Monday, March 2, 2009

Stanley Fish on Faith and Finance

As the financial crisis gains an ever tighter hold on our pocketbooks and thoughts, one of the questions that arises is where faith, for those who claim it, might intersect with finance.

There are some obvious if regrettable answers that are routinely offered, two of which are worth mentioning here.

On Oprah Winfrey today, the billionaire hostess was offering one such answer: advice on simplifying our lives as a virtuous response to tough economic times. This is all very good, but of course it might sound a bit paternalistic to those in the trenches of real economic hardship. Downsizing is a discipline that usually comes easier to those who have first managed to upsize.

A second answer is the desire on the part of many to see an approaching economic cataclysm as a chance to return to a world of Little House on the Prairie or The Waltons, 70s television depictions of families and communities pulling together in the face of scarcity and need. However, the result of these challenges is just as often family breakdown, violence, substance abuse and myriad other expressions of despair. And the strongest believers in the virtues of privation are again usually those least hurt by it.

The larger problem is that both of these assume an ability to forge our own answers or solutions to financial adversity. In a brief essay on his New York Times blog, Stanley Fish engages this from a more original and I believe much more productive angle. He contrasts what he calls "a Protestant linking of thrift and virtue", the view that informs the two answers described above, with a more tragic, but ultimately redemptive view of our inability to avoid or transcend our ultimate bankruptcy, financial or otherwise, the recognition of which brings us to God and so to Grace.

One view, he argues, sees us redeemed financially by our own efforts. It is as if in exercising our strength and virtue we are doing God's work ourselves. And our faith is mostly in ourselves, whether individually or collectively. The other sees us as humbled by our inability to redeem ourselves, financially or otherwise and thus unable to rely on ourselves. It is here, says Fish, that many turn to God. And this, he says, is the beginning of wisdom.

I would suggest that, whatever our conscious motivations or rationalizations, the first path is always one of idolatry -- worshiping our ability, virtue and financial resources. The second offers the only real possiblity for faith and thus for real redemption. Admitting our powerlessness, we look beyond ourselves.

This, of course, is the great insight of the recovery movement that first emerged with Alcoholics Anonymous in the midst of the despair of the great depression of the 1930s. But when all of the rhetoric and rationalization of religion is stripped away, this is also the message of the Gospel. We are bankrupt, though some experience the pain of this more than others. And we are more often than not blind to this. Yet any belief in and reliance on our own ability and virtue proves to be worse than useless -- it hides from us the true nature of our situation. It alienates us from each other. And in doing so it alienates us from God.

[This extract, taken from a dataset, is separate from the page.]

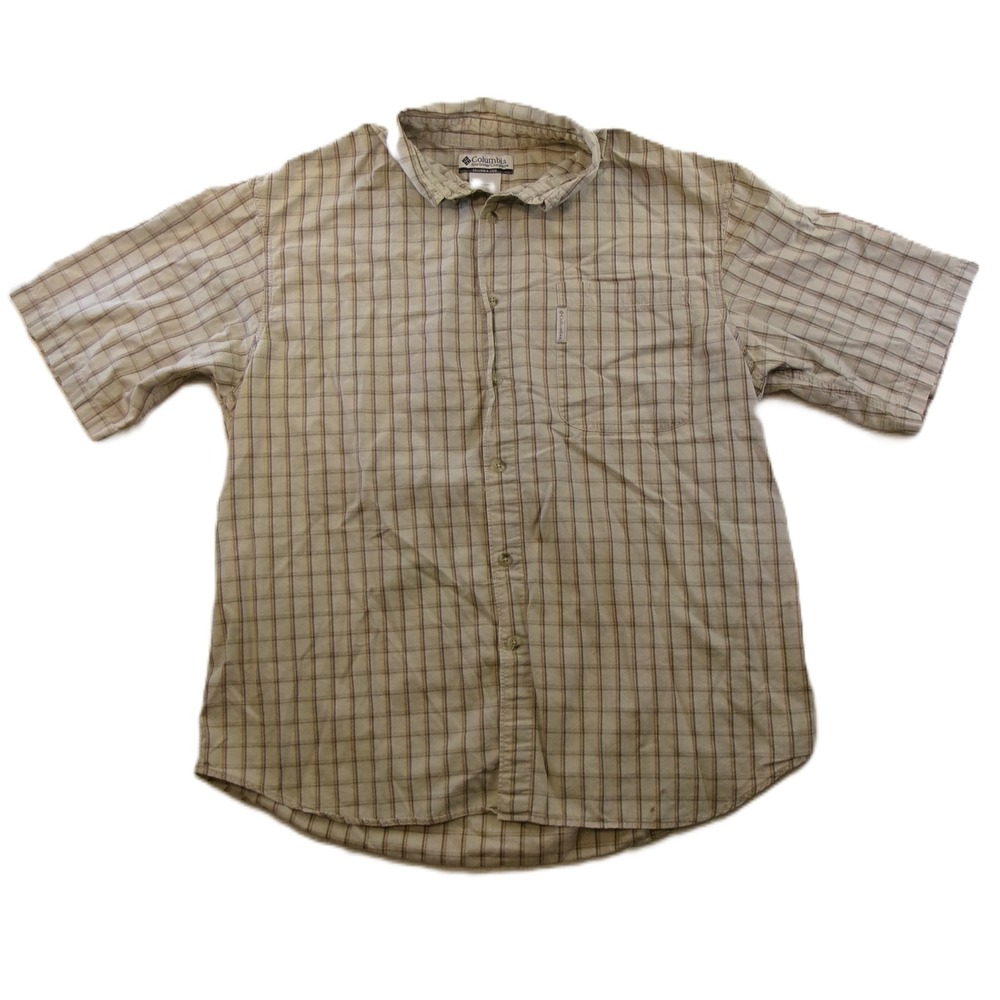 Columbia Plaid Button Down Mens XL Tan Short Sleeve AM7045 Cotton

Thus in this crisis, faith in our individual strengths or the collective capacities of our institutions is a blind alley. Bringing this back to questions of economics, Fish closes out his argument as follows:

This economy, in which funds depleted are endlessly replenished, is underwritten by a power so great and beneficent that it turns failures into treasures. Some economists identify that power as the market and ask us to have faith in it. God might be a better candidate.